まっさらな袋とじは男にとって重荷です。見たいのに開いてない「もどかしさ」……というより、たいして見たくはないのに、開いてないと、なーんか見たくなる「ジレンマ」。
だから「この店の週刊誌の袋とじはいったい誰が破いているのだろう?」と気になります。
ひげのマスターか。早くからいる常連のじいさんか。最初に手に取った一見のお客か。
ある日、開店時間に店を訪れました。マガジンラックには、今朝買ってきたばかりと思われる袋とじ付きの週刊誌が。

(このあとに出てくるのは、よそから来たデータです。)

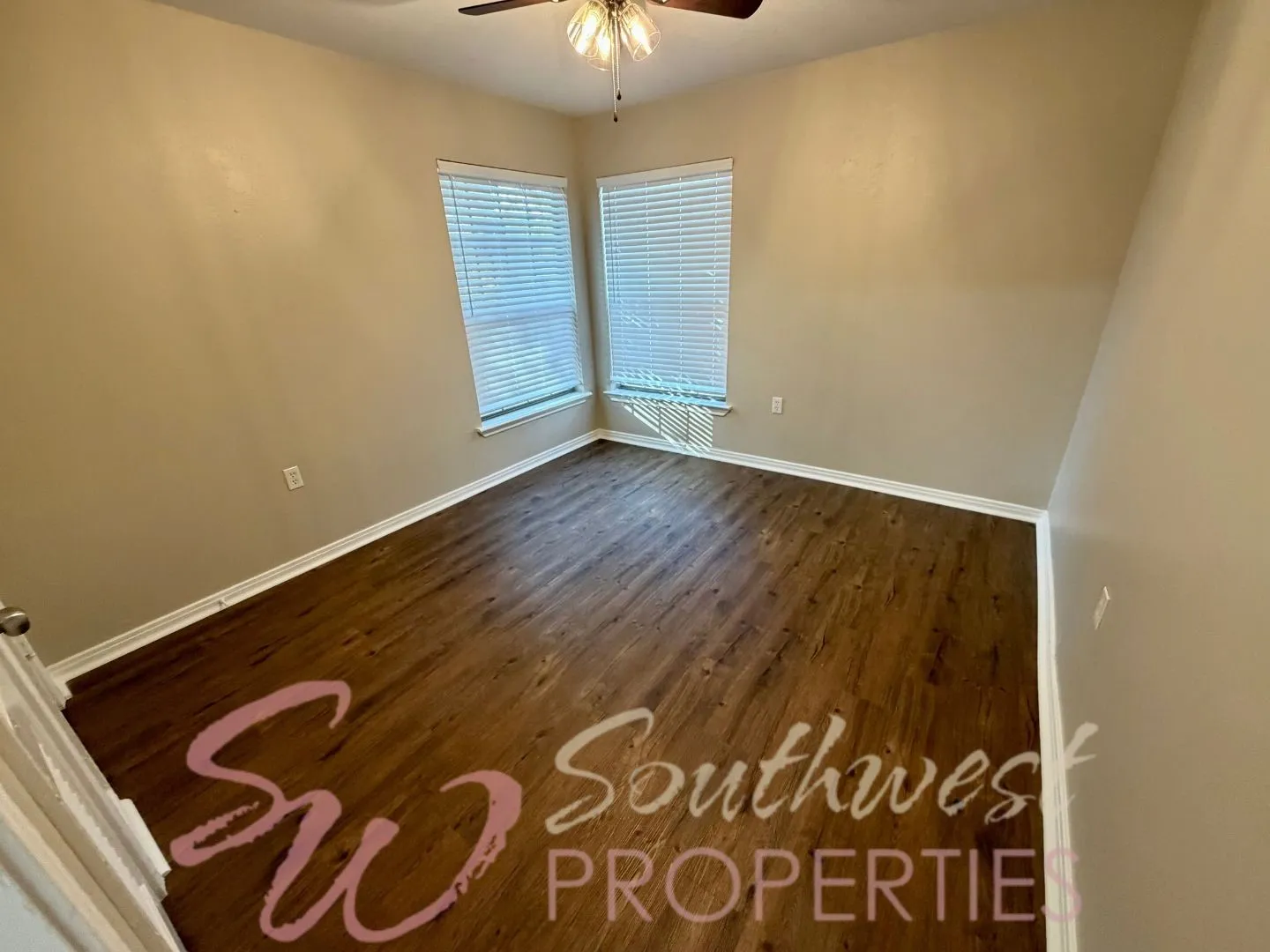 Single Family Residence For Rent in Erath County , 107 Greenview Drive, Stephenville, Texas 76401, 3 Bedroom, 1 Bathroom, Garage spaces, 1,253 Sqft, built in 1951, mls#21404826, Real Estate Agent in Stephenville, Homes For Rent in Erath county, Homes For Rent in Stephenville, Realtor in Stephenville Texas, Real Estate Brokerage Independent Realty Texas, Luminita Cordes Realtor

ライバルは皆、スポーツ紙を開いて袋とじには気づいていない様子。
「しめしめ……」
席につき、コーヒーを注文すると、店員の女の子・佐々木さん(仮名)が、
「あー!! ちょっとお待ちくださいねーっ!!」
と慌ててカッターを持ってきて袋とじを開け始めました。
「バタバタしてて忘れてましたーっ!」
明るい笑顔でカッターを操る。
「はい、失礼しましたー」
さっとページを閉じてコーヒーを運んできてくれた佐々木さん。聞けば、佐々木さんが袋とじ開け係なんだそう。店員さんが開店前にカッターで丁寧に開けてたのね。さもありなん。
20代の女子に袋とじの「死ぬまでセックス特集」を提供してもらい、無事この店の平和は保たれているのですね。まさに天の岩戸を開けるがごとし。
あとひとつ気になることが出てきました。この店の週刊誌のクロスワード、いったい誰が最初に解いてるんだろう?